En una calle tranquila en la otra punta de la localidad, en un búngalo blanco con las persianas pintadas de color azul, Doris estaba salteando beicon, cebollas y ajos mientras que en el otro fogón hervía un cazo con pasta. Lexie estaba lavando tomates y zanahorias en el fregadero para luego cortarlos a dados. Después de terminar su trabajo en la biblioteca, se había dejado caer por casa de Doris, como solía hacer un par de días a la semana. A pesar de que su casa quedaba muy cerca, a menudo cenaba en casa de su abuela. Era una vieja costumbre que no se resignaba a perder.
En la repisa de la ventana la radio sonaba al ritmo de jazz, y aparte de las típicas conversaciones de familia, las dos mujeres no tenían muchas cosas que contarse. Para Doris, la razón era que estaba cansada después de un largo día de trabajo. Aunque le costara admitirlo, desde que sufrió el ataque de corazón dos años antes, se cansaba con mucha más facilidad. Para Lexie, el motivo era Jeremy Marsh, pero conocía a Doris lo suficientemente bien como para saber que era mejor no comentar nada al respecto. Su abuela siempre había mostrado una curiosidad desorbitada por su vida personal, y Lexie había aprendido que lo más indicado era evitar hablar de ciertos temas con ella siempre que fuera posible.
Sabía que Doris no lo hacía con mala intención. Simplemente no alcanzaba a comprender cómo era posible que una mujer de treinta años no hubiera sentado todavía la cabeza, y últimamente no hacía más que preguntarle a qué esperaba para casarse. Aunque su abuela era una mujer sumamente inteligente, pertenecía a la vieja escuela; se casó a los veinte años y pasó sus siguientes cuarenta y cuatro años con un hombre al que adoraba, hasta que él falleció tres años antes.
Lexie se había criado con sus abuelos, así que conocía a Doris
los suficientemente bien como para prácticamente condensa todas sus preocupaciones en una frase: ya iba siendo hora de que su nieta encontrara a un chico decente, se fuera a vivir con él a una casita rodeada por una verja blanca de madera, y tuviera hijos.
Lo que su abuela pedía no era tan extraño, después de todo, y Lexie lo sabía.
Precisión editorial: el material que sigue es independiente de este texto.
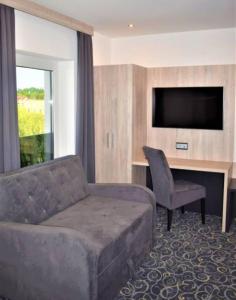 a living room with a couch and a desk with a television at Hotel Business Bay das ehemalige Staycation Hotel in Sindelfingen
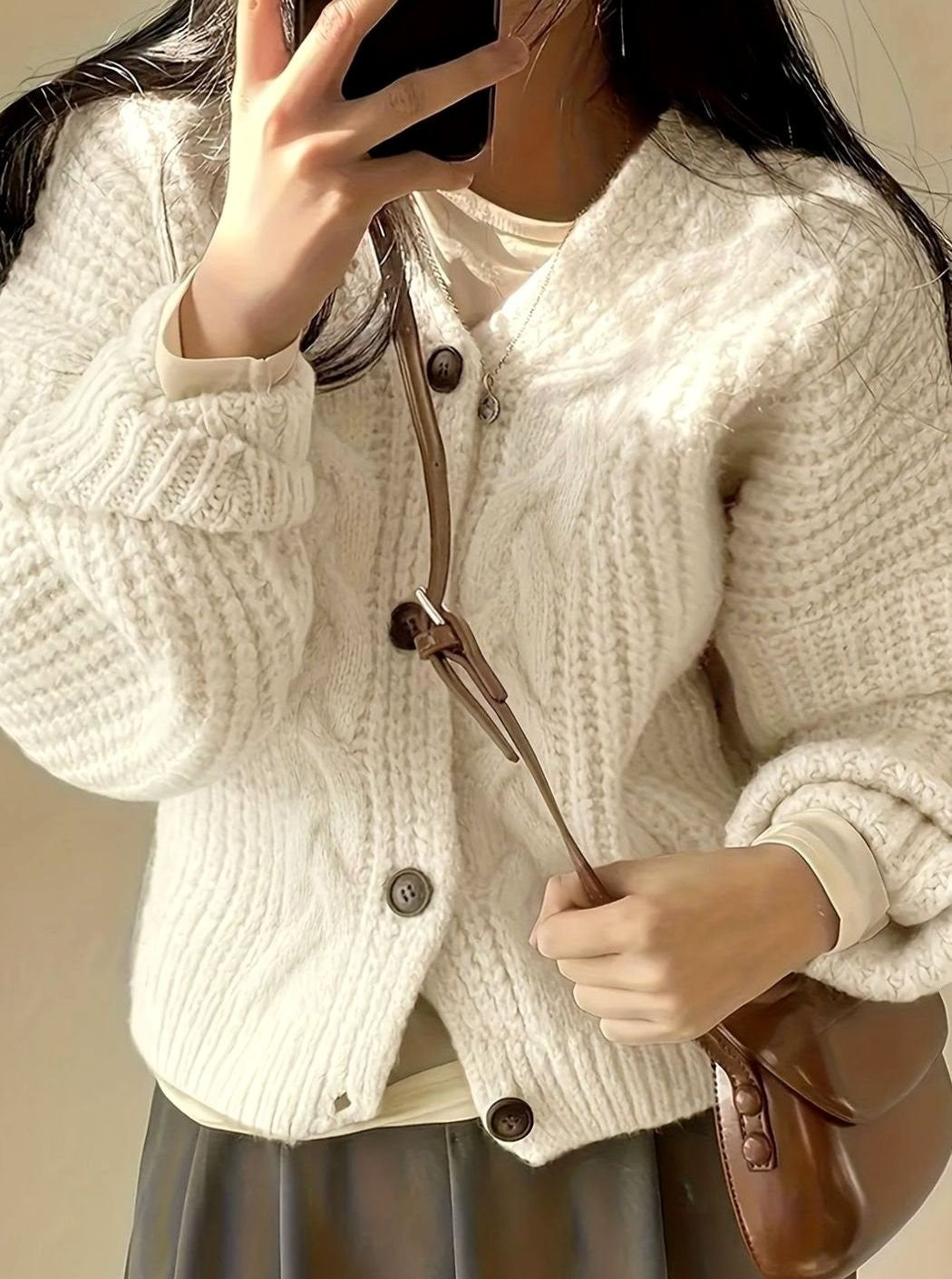 oversized ivory button-front cardigan paired with brown leather shoulder bag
En el pueblo eso era lo que se esperaba de cualquier mujer. Y las veces que se sinceraba consigo misma, se decía que también anhelaba llevar esa clase de vida. Bueno, al menos en teoría. Pero primero tenía que encontrar al compañero ideal, alguien con quien se sintiera a gusto y del que se enorgulleciera de llamarlo «su hombre». En ese punto difería de su abuela. Doris pensaba que bastaba con encontrar a un hombre decente, honrado y con un buen trabajo. Y quizás en el pasado fuera así. Pero Lexie no ansiaba estar con alguien simplemente porque fuera cortés y tuviera un buen trabajo. Quizás albergaba falsas expectativas, pero también deseaba estar enamorada de él. No le importaba si era increíblemente afable o responsable; si no existía un mínimo de pasión, no podía -ni quería- imaginar pasar la vida junto a él. No sería justo ni para ella ni para él. Quería un hombre que fuera tierno y afable, pero que al mismo tiempo la hiciera vibrar, sentirse viva. Soñaba con un compañero que le masajeara los pies después de un largo día en la biblioteca, pero que también estuviera a la misma altura intelectual que ella; alguien romántico, por supuesto, que le comprara flores sin ninguna razón en particular.
Tampoco era pedir demasiado, ¿no?
Según Glamour, Ladies' Home Journal, y Good House-keeping -revistas que Lexie recibía en la biblioteca-, sí que era pedir demasiado. En cada artículo se aseguraba que mantener viva la chispa en una relación dependía única y exclusivamente de la mujer. Pero ¿no se suponía que una relación se basaba precisamente en eso, en un pacto entre dos personas? ¿No tenía cada uno de los implicados que procurar colmar las expectativas del otro?